L’avvocato bavarese Josef Müller (1898-1979), faceva parte dei servizi segreti tedeschi (Abwehr) dell’ammiraglio Canaris, uno dei centri occulti dell’opposizione anti-hitleriana. Esponente del cattolicesimo politico tedesco durante la repubblica di Weimar e dopo la Seconda Guerra mondiale, tra i fondatori della Csu, durante il regime nazista, fu tra gli esponenti più attivi dell’opposizione ed è noto soprattutto per i contatti assidui che ebbe col Vaticano tra il 1939 e il 1940. Müller . Lo storico Roberto Pertici racconta che l’avvocato inviato a Roma con una scusa, in realtà prese subito contatto con l’entourage del Pontefice (in cui erano presenti molti prelati tedeschi) per mettere a conoscenza lo stesso Pio XII dei progetti dell’opposizione tedesca e dei suoi piani per rovesciare Hitler e costruire una Germania democratica.
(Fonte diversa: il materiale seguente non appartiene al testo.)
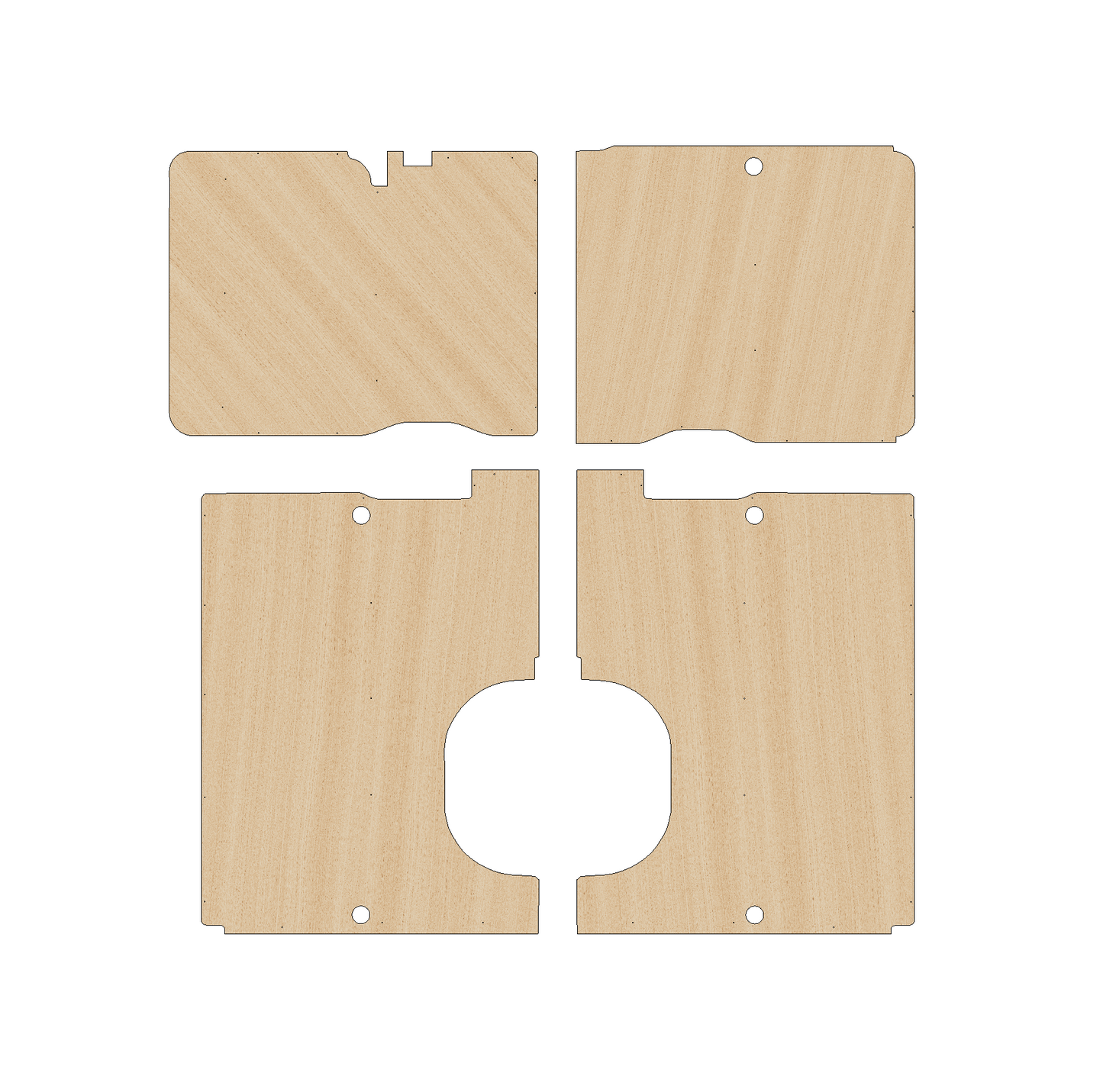 Citroen Relay 2006-Present LWB Any Height - Side Panels Ply Lining Kit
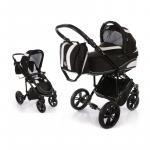 Carucior copii 2 in 1 cu landou Knorr-Baby Volkswagen Carbon Optik Black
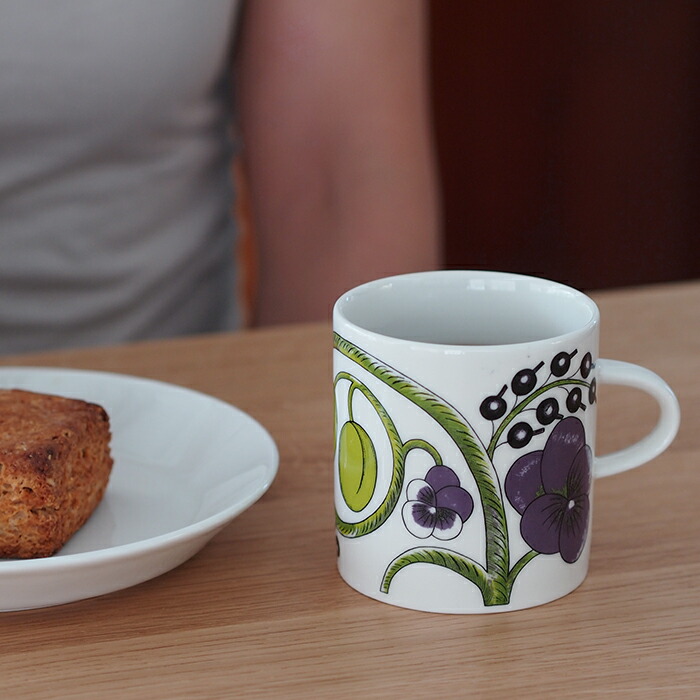 アラビア　パープル　パラティッシ　マグ　240ml　/　ARABIA　Paratiisi　※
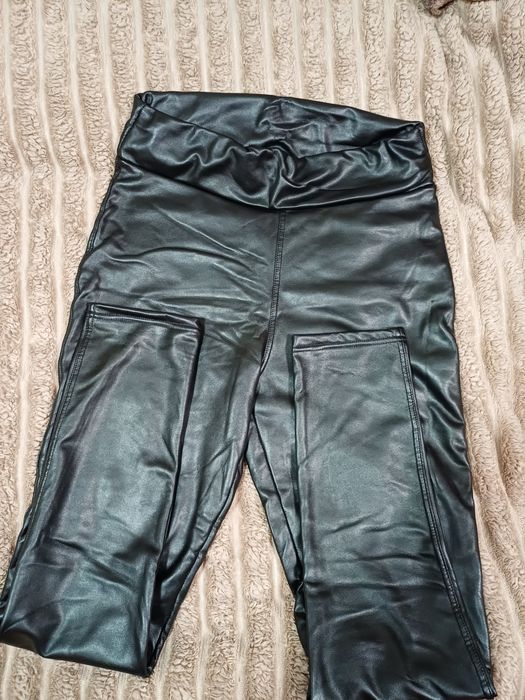 Лосини з екошкіри на утепленні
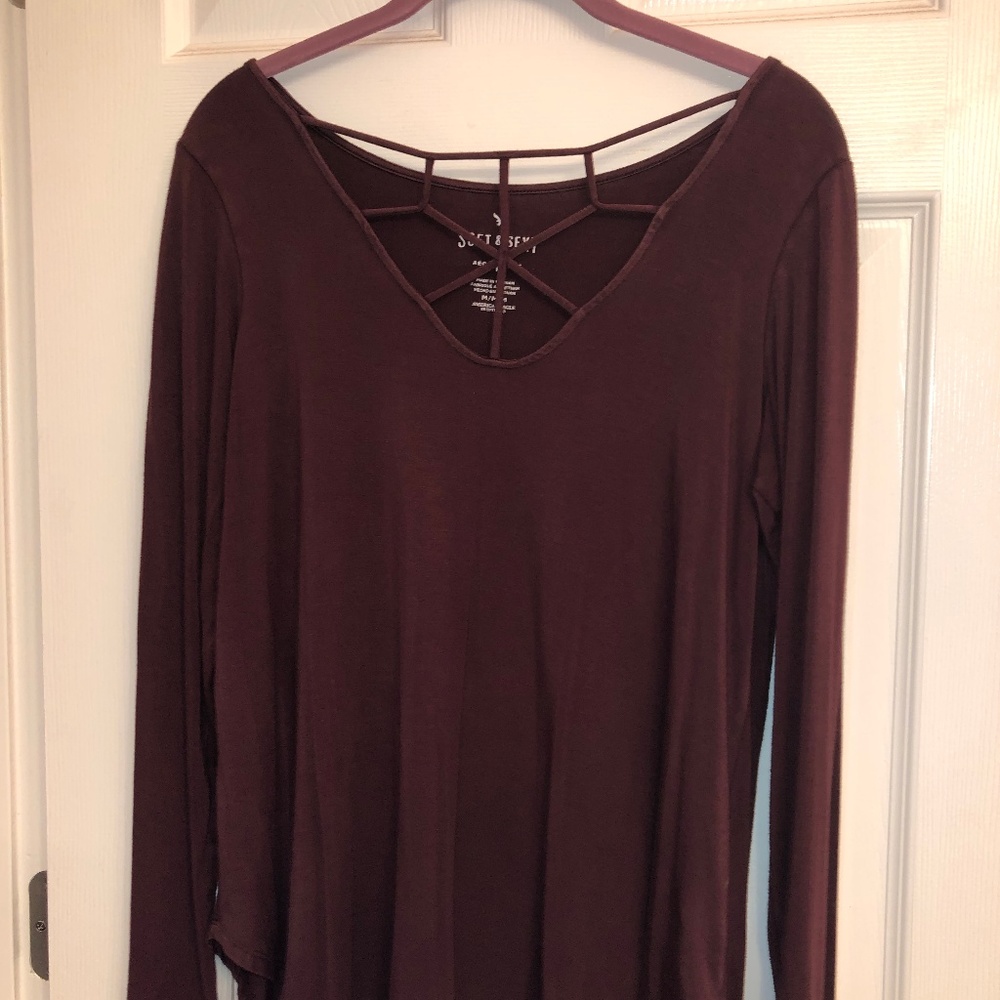 Dark Purple Long Sleeve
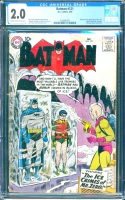 Batman #121 CGC 2.0 cr/ow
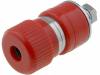 R1-26B RED, Гнездо; "банан" 4мм; 30А; 60ВDC; красный; Покрытие: никелированные, SCI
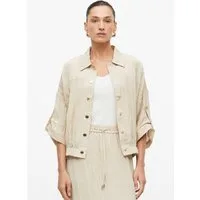s.Oliver Funktionsjacke Indoor-Jacke Schimmernde Hemdjacke mit 3/4-Ärmeln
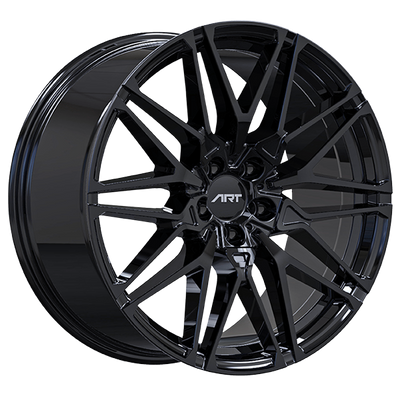 ART - Replica 244 - Black - Gloss Black - 20" x 11.5", 43 Offset, 5x112 (Bolt Pattern), 66.6mm HUB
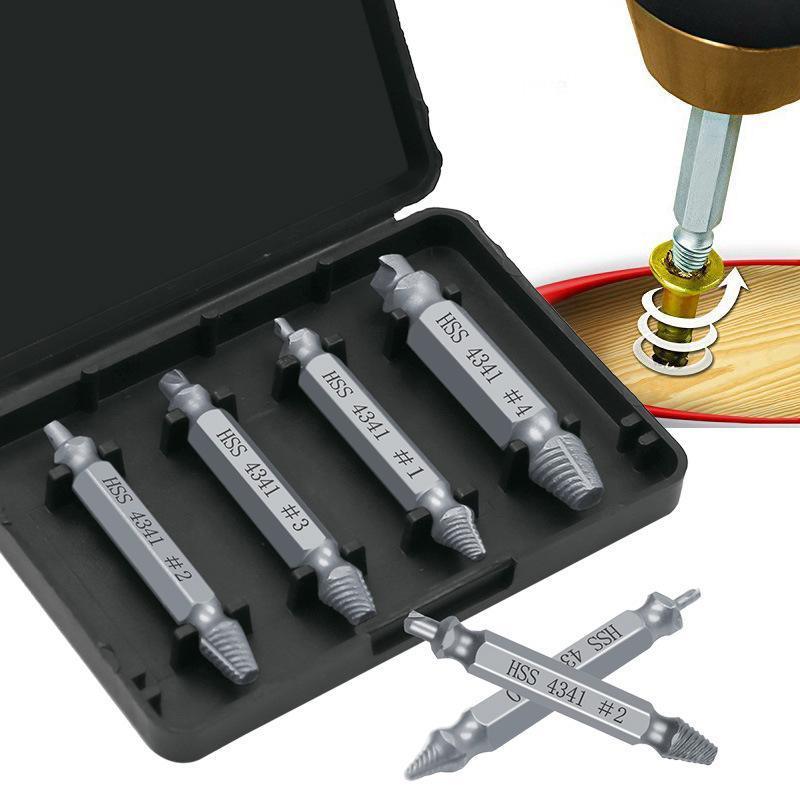 6Pcs Damaged Screw Extractor Set Easy Out Broken Drill Bit Remover Kit Speed Out V528-ETRACTORSET-6PCS-656907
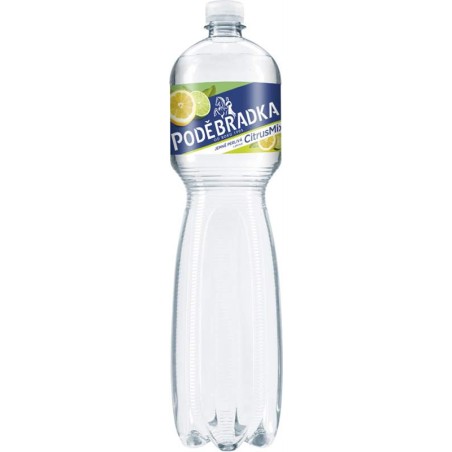 Poděbradka Citrus MIX jemně perlivá 1,5l - PET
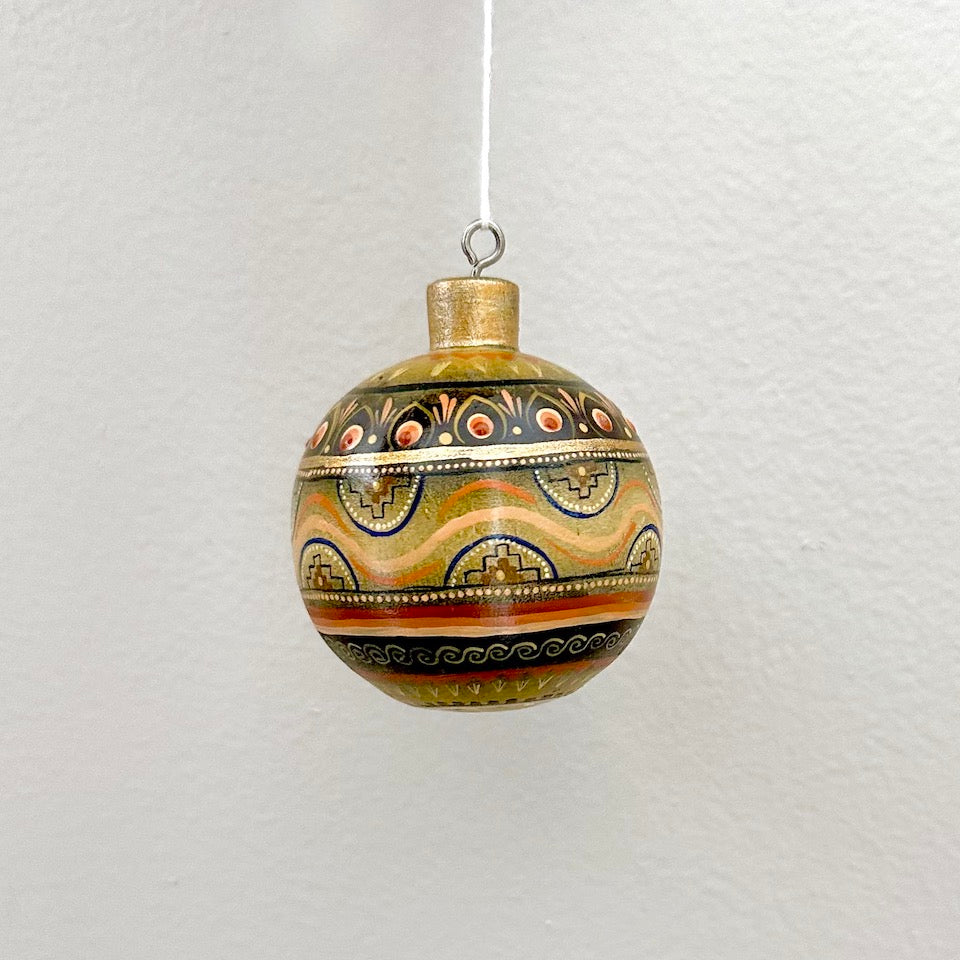 Neutral Alebrije Holiday Ornaments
Soprattutto chiese che il Papa se ne facesse tramite e garante con il governo inglese, ruolo che Pio XII, con notevolissimi rischi, accettò di svolgere per mezzo dell’ambasciatore inglese presso la Santa Sede, Osborne.
Si trattò, come ha scritto Renato Moro, di un “fatto assolutamente sbalorditivo nella storia del papato”, ma le vittorie di Hitler in Norvegia e poi in Francia fecero abortire l’operazione. Müller venne arrestato nel 1943 e tradotto nel campo di concentramento di Flossenbürg, ma – a differenza di altri detenuti illustri di quel campo (e suoi compagni di cospirazione) come Canaris e il pastore Dietrich Bonhoeffer, che furono uccisi nell’aprile del 1945 – fu trasferito in Alto Adige, nel paese di Niederdorf (Villabassa) con altri 138 prigionieri “speciali”, per essere usati dalle SS come eventuali pedine di scambio, come spiega Mirella Serri nel suo libro Gli invisibili, edito da Longanesi, Josef Muller, scrive a tal proposito la giornalista, nota penna de La Stampa, “è stata una di quelle persone che sono riuscite a sopravvivere all’inferno del fascismo, aiutando molte persone in tempi difficili”.
Il 2 giugno dello stesso anno, rivolgendosi ai membri del Sacro Collegio che gli faceva gli auguri per la ricorrenza onomastica di sant’Eugenio, Pio XII affrontò per la prima volta in pubblico il problema dei rapporti fra la Chiesa e il nazismo: “Voi vedete – affermò – ciò che lascia dietro di sé una concezione e un’attività dello Stato, che non tiene in nessun conto i sentimenti più sacri dell’umanità, che calpesta gli inviolabili principi della fede cristiana. Il mondo intero, stupito, contempla oggi la rovina che ne è derivata”. “Questa rovina – aggiungeva – Noi l’avevamo veduta venir di lontano, e ben pochi, crediamo, hanno seguito con maggior tensione dell’animo l’evolversi e il precipitarsi della inevitabile caduta”.